Helicopters require much more power than airplanes, so structurally it had to be light yet strong, with strength in key locations to minimize bending and withstand breakage. It was imperative that power be efficiently transferred to the transmission to minimize losses. Bobbing or surging would waste energy and require more power. The challenge was to build it just strong enough to withstand the stresses produced. Anything stronger than that would add unnecessary weight. Both teams employed a very lightweight carbon fiber truss system in an X-shape, with pilot in the middle, to support four two-blade rotors constructed largely of foam and mylar, and both used ingenious transmission methods of a one-way spool of cord that when wound would turn the rotors. The winning structure alone weighed in at just over 120 pounds, and 282 pounds with pilot included. Controlling such a design proved very challenging for both teams. The winners were able to do so by warping the fragile structure with pilot “body english.”

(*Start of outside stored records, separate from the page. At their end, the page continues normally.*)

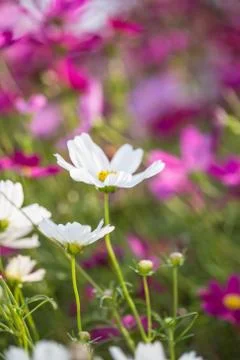 Floral background Stock Photos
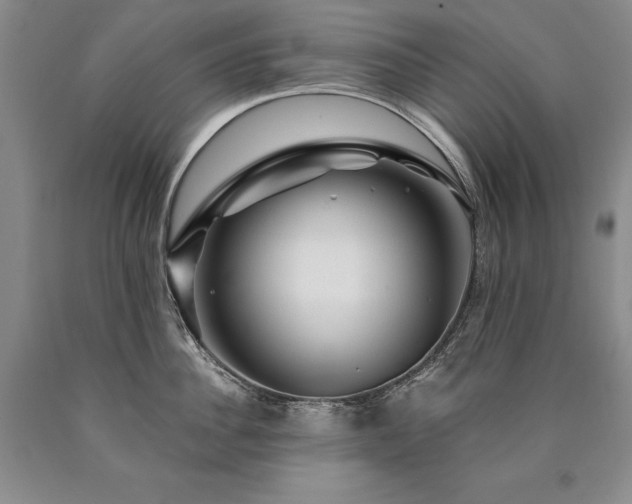 X0000090870956200707271248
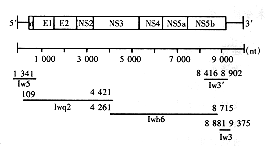 drjy4-01.gif (5335 bytes)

Low disk loading (rotor thrust divided by disk area) is key for maximum efficiency. It is important to work with as much air as possible. A big rotor handles a large amount of air, which means it can develop the required thrust with a lower downwash velocity, i.e., using less energy. The winning design’s rotors are each approximately 67 feet in diameter, and rotate at about 12 rpm. The aircraft is large, with a total span of 154 feet.

As expected, blade aerodynamics for this project were critical. The power required to hover depended on overcoming the induced drag (due to creating lift) and profile drag (due to pushing the airfoil through the air). Using the benefits of ground effect proved to be a key factor in keeping power requirements low. Being under-slung, the rotors operated in deep ground effect, less than one-half a rotor diameter from the surface. This minimized induced drag. In deep ground effect rotor performance is highly sensitive to changes in height, so coning had to be structurally designed out to keep the rotors virtually horizontal to the ground. Customizing airfoil shape along the rotor span, and tapering the chord from root to tip further decreased drag and optimized lift distribution.

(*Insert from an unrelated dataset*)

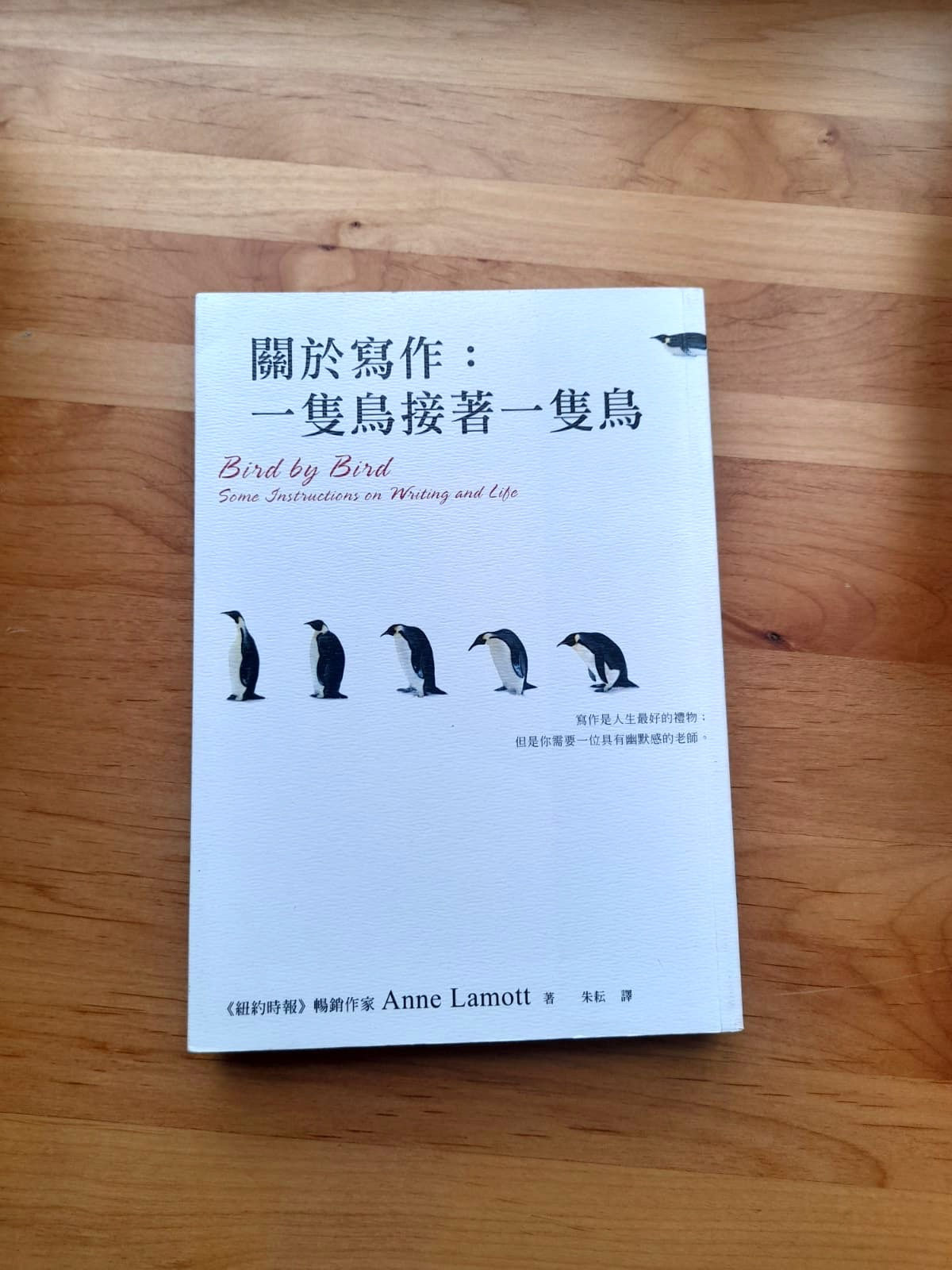 關於寫作:一隻鳥接著一隻鳥寫 (安‧拉莫特(Anne Lamott))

In no way does this article sum up the monumental task that was accomplished. Besides the advances in engineering over the years, trial and error surely played a large role. But the biggest contributor to the accomplishment of this challenge is without a doubt the ingenuity and dedication of all persons involved. The long-standing contest has sparked new innovations in engineering, furthered understanding of human physiology, and fueled further projects in the area of human powered flight. Well done by all.